ウクライナ経済省の6日の発表によれば、侵略国とその住民の財産の強制押収に関するウクライナ国家安全局の決定の実施に関するウクライナ大統領令の枠組みの元、ザポリージャ州航空修理工場「ミグレモント」にあるロシア財産を没収した。車両800両、航空機エンジン、建設車両、タンクローリーなどが押収されたが、その中には7機のMig-25迎撃戦闘機も含まれる。
ザポリージャ州航空修理工場「ミグレモント」
同工場はザポリージャにあるソ連およびウクライナの国営航空機修理工場。1940年に設立され、1978年以降は主にMig-25戦闘機の修理、改修業務をメインに行ってきた。1991年にウクライナが独立すると、同工場はウクライナ国防省の管轄下に。1993年からはウクライナ空軍が運用するSu-27戦闘機の修理、改修を請け負い、2000年代以降はSu-25攻撃の修理、改修も行っており、ウクライナ空軍の攻撃/戦闘機のメンテを担っている。
Mig-25
国土防衛のために1960年代にソ連のミグ設計局によって開発された第三世代戦闘機。1970年から迎撃戦闘機としてソ連国土防空軍で運用が始まった。1976年(昭和51年)にソ連軍パイロットのベレンコ中尉が同機に乗って函館空港に強行着陸、亡命した「ベレンコ中尉亡命事件」の機体としても有名。マッハ3を超える最高時速を誇り、開発から約60年経つが未だ最速の戦闘機として記録されている。登場したのはベトナム戦争の時で、それまで当時、最強といわれた米軍の戦闘機F-4ファントムⅡと激戦を繰り広げた。1991年の湾岸戦争では米軍のF/A-18ホーネットを撃墜している。ほとんどが退役しているが、シリア軍ではまだ現役。

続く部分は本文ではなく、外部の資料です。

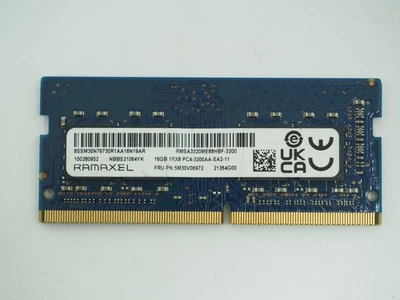 Ramaxel Computer RAM 16 GB Total Capacity for sale - eBay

ウクライナはソ連崩壊後、79機のMig-25を引き継いだが、1995年に全機退役しており、今回、押収された機体も少なくとも2000年代以降は飛行していない可能性が高い。所有権はロシアにあった機体だが、ロシアも要らなく、放置してあったのだろう。もちろん戦力として計算できる機体ではなく、ウクライナはこのMig-25を部品どりとして使用する予定で、他の機体の修理のために解体される。